Basics
Ice is at its core an RPC framework that allows you to build client and server applications around the RPC paradigm.
With Ice, a client application calls local proxies to remote Ice objects hosted in server applications.
Clients and servers have this logical internal structure:

Ice Client and Server Structure
Both client and server consist of a mixture of application code, library code, and code generated from Slice definitions:
The Ice core or runtime contains the client- and server-side runtime support for remote communication. Much of this code is concerned with the details of networking, threading, byte ordering, and many other networking-related issues that we want to keep away from application code.
You use the Ice API to take care of administrative chores, such as initializing and finalizing the Ice runtime. The Ice API is identical for clients and servers (although servers use a larger part of the API than clients).
The proxy code is generated from your Slice definitions and, therefore, specific to the types of objects and data you have defined in Slice. The proxy code has two major functions:
It provides a down-call interface for the client. Calling a method in the generated proxy API ultimately ends up sending an RPC message to the server that invokes a corresponding method on the target object.
It provides marshaling and unmarshaling code.
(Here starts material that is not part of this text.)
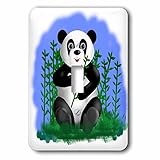 3drose LSP _ 171845 _ 1 Cute Cartoon Panda Eating A竹Stalkライトスイッチカバー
Marshaling is the process of serializing a complex data structure, such as a sequence or a dictionary, for transmission on the wire. The marshaling code converts data into a form that is standardized for transmission and independent of the endian-ness and padding rules of the local machine. Unmarshaling is the reverse of marshaling, that is, deserializing data that arrives over the network and reconstructing a local representation of the data in types that are appropriate for the programming language in use.
The skeleton code is also generated from your Slice definition and, therefore, specific to the types of objects and data you have defined in Slice. The skeleton code is the server-side equivalent of the client-side proxy code: it provides an up-call interface that permits the Ice runtime to pass incoming requests to the application code you write. The skeleton also contains marshaling and unmarshaling code, so the server can receive parameters sent by the client, and return parameters and exceptions to the client.
The object adapter is a part of the Ice API that is specific to the server side: only servers use object adapters. An object adapter dispatches incoming requests to object implementations (servants) you’ve registered with this object adapter, and sends back the corresponding responses.
Note that, as far as the process view is concerned, there are only two processes involved: the client and the server. All the runtime support for distributed communication is provided by the Ice libraries and the code that is generated from Slice definitions.